What will happen if a user posts a tweet

Tweet goes through the load balancer and reaches the twitter write API
Twitter write API will send the tweet to the following application/service asynchronously
- Ingester Application
  - Parse/tokenize the tweet content, place the content inside one of the Earlybird instances for indexing according to the tokenization result.
- Fanout Application
  - Find all followers of the user and insert the tweet to the Redis instance of those followers.
  - Notice that each user had at least one Redis instance to store their timeline.
  - Each fanout instance will take a portion of followers (ex: 4000) of the user and start inserting. This can parallel the inserting work and reduce latency (Within second).
  - Redis data structure: Tweet ID (8 bytes), User ID (8 bytes), Bits (4 bytes)
- Hosebird / HTTP push
  - event-based “router”: new tweets, social graph updates (follow & unfollow), user profile change, preference change, etc
  - Every time an event comes in, Hosebird will cascade the event to another set of Hosebirds, which connect to more Hosebirds. There are four Hosebird cascading layers before it connects to a real client.
- Mobile push service
- Hadoop
  - Run nightly batch analytic to generate a summarization email for users around the world, give the user recommendation on which topic they might be interested in.

What will happen if a user retrieves his/her timeline

Timeline service will take the user id and figure out which Redis instance has that user’s timeline. Then, it will pull out the timeline for that user, which contains a list of tweet ids and user ids.
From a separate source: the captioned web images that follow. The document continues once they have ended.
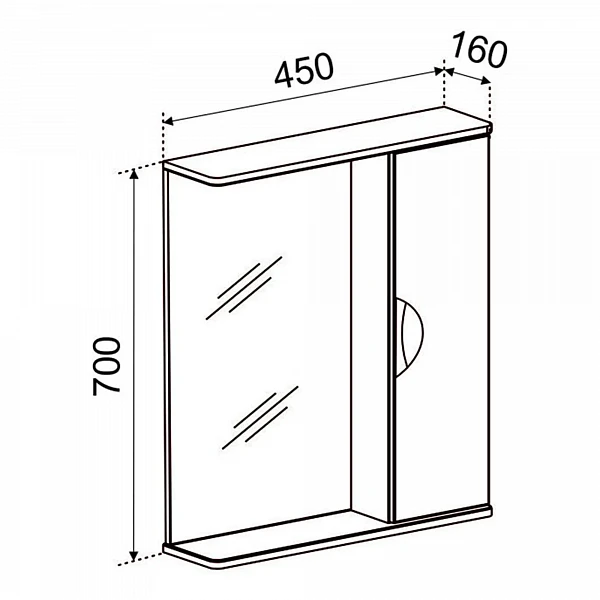 Зеркало со шкафчиком Emmy Милли (Универсальное) 45х70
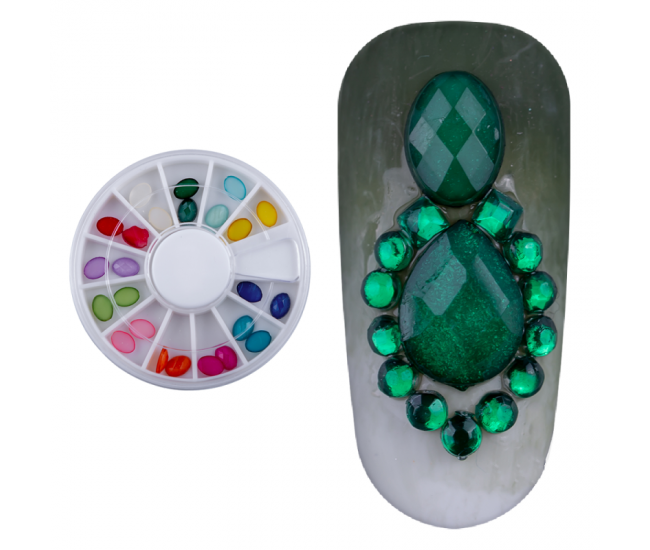 Carusel decoratiuni unghii, model pietricele multicolore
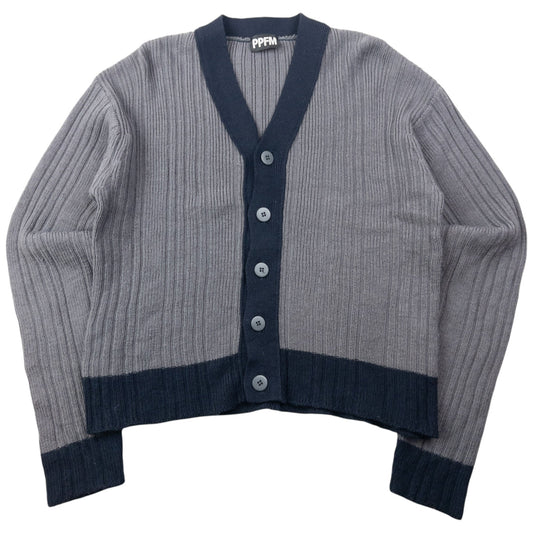 Vintage 2000s PPFM Ribbed Cardigan Size S | Small, Grey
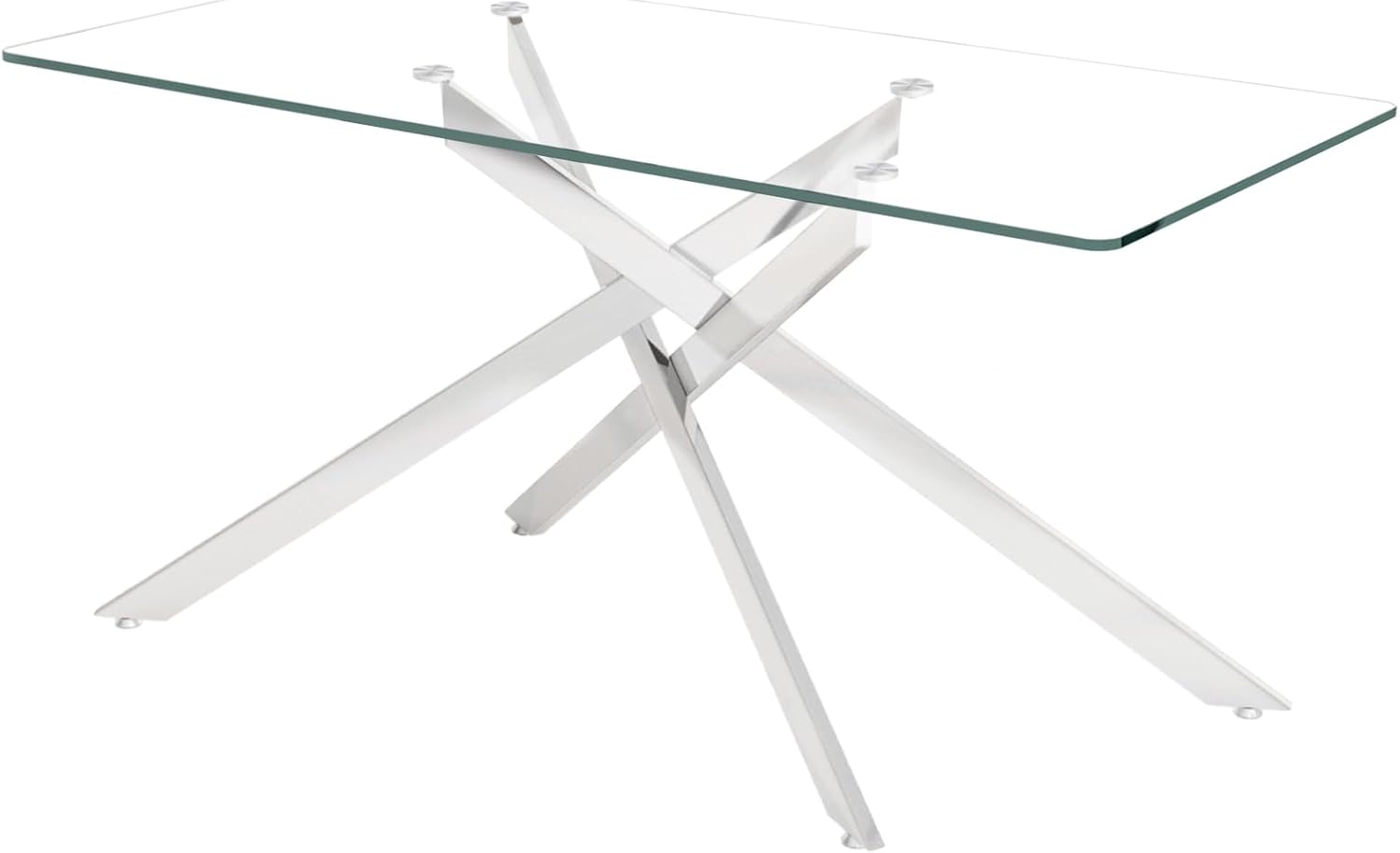 60' Glass Dining Table Modern Kitchen Table for 4-6 People, Contemporary Rectangular Dining Room Dinner Tables with Clear Glass Top & Silver Metal X Legs for Kitchen Apartment
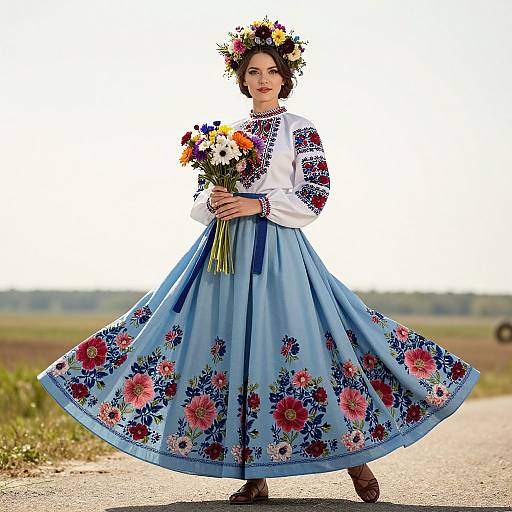 Photograph of a woman in a blue floral embroidered dress and flower crown, holding a bouquet, standing on a rural road.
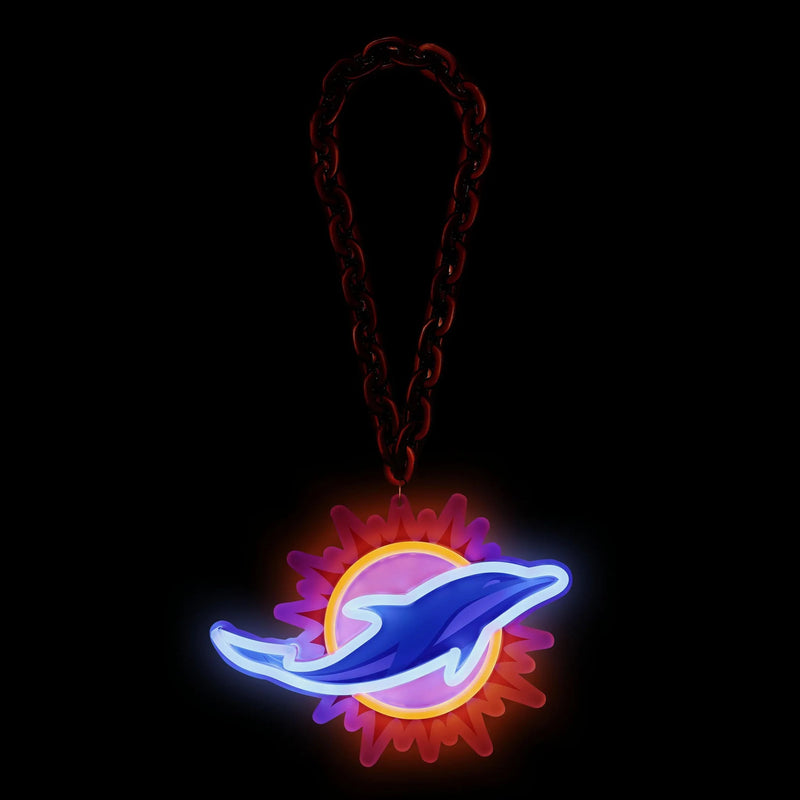 NFL Fan Chain, Big Neon Light Up Team Logo - Miami Dolphins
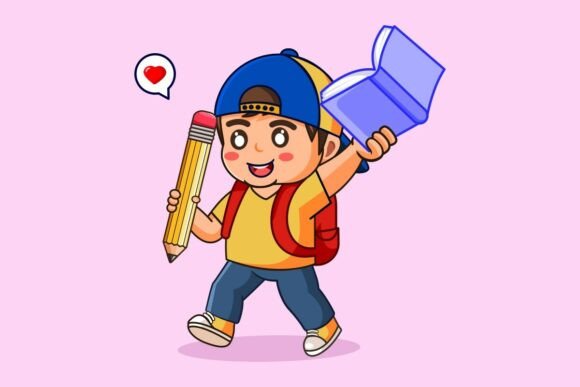 Happy School Boy Holding Pencil and Book Graphics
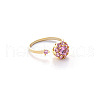 Brass Micro Pave Cubic Zirconia Cuff Rings for Women FS-WG10DBB-01-1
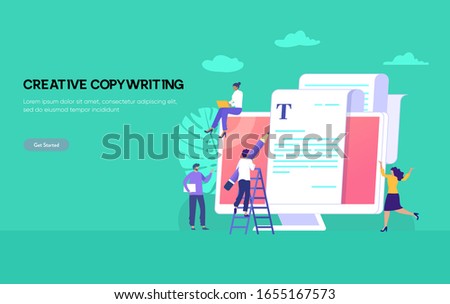 copywriting vector illustration concept, happy man and woman typing article on laptop can be use for, landing page, template, ui, web, mobile app, poster, banner, flyer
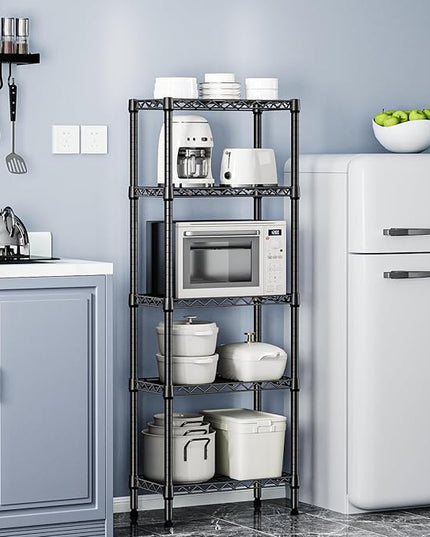 450 lbs Storage Shelves 5 Tier Shelving Units for Storage, Steel Organizer Wire Rack, Adjustable Height, Wire Shelving Unit for Bathroom Kitchen Closet, Black 11.8" D x 21.7" W x 58.3" H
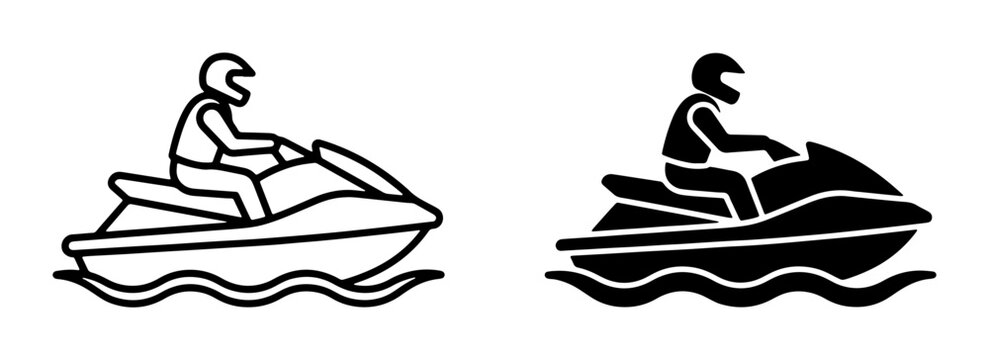 Jet Ski Icons, Personal Watercraft Vector Graphics, Water Sports Symbols, Summer Recreation, Outline and Silhouette Designs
After that, timeline service will call tweet service, user service, and few other services to compose a fully render JSON. Finally, it returns this JSON to the frontend.

What will happen if a user search in twitter

Blender will generate the query according to search content. Then it will hit every Earlybird instances and check if that instance has anything that matches the query. Finally, Blender will merge the result returned by Earlybird and response.